There are also various factions within the place. As a stocker, Christian is guided down the superstore’s dreary, generic aisles by Bruno, who, during Christian’s probationary period, checks off various passing grades every time Christian performs his duties to his supervisor’s satisfaction. These duties mainly consist of loading large containers of food and beverages and transporting them from one huge shelf to another.
During one such nocturnal sortie, Bruno explains to Christian how departments interrelate: “We don’t get along with canned goods,” Bruno says in a serious tone. “With sweets, we’re fine.”
Soon, Christian makes contact with the sweets aisle manager, fittingly named “Sweets Marion” (played by Sandra Hüller, “Finsterworld,” “Requiem”). Whenever the two happen to stock shelves together, or their coffee breaks happen to coincide, they begin to reveal subtle clues into each other’s private lives.
Soon, Marion is flirting with Christian, but Bruno believes that she will lead him astray from taking his job seriously and training for the all-important forklift driver certification.
If this had been a large-budget Hollywood production, I suspect this film would have featured little animals being shot out of devices, fart jokes, and sappy, contrived romance scenes.
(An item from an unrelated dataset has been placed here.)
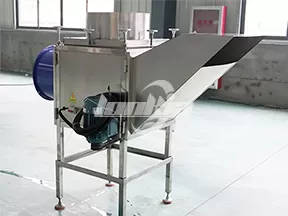 Máquina Separadora de Dientes de Ajo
Instead of focusing on Christian and Marion, though, we are treated to a masterclass in sincerity in filmmaking, as expressed through a plethora of performances that feel earnest and real.
In fact, the characters were so well wrought here and convincing that I would have loved to have seen them in some sort of recurring TV drama where we could get more insight into each of them.
There’s a quiet sadness exhibited by the “semi-skilled” folks working “In the Aisles.” However, this is underscored in the overarching message of having a simple sense of pride in performing a job—no matter how mundane and repetitive—to the best of one’s ability.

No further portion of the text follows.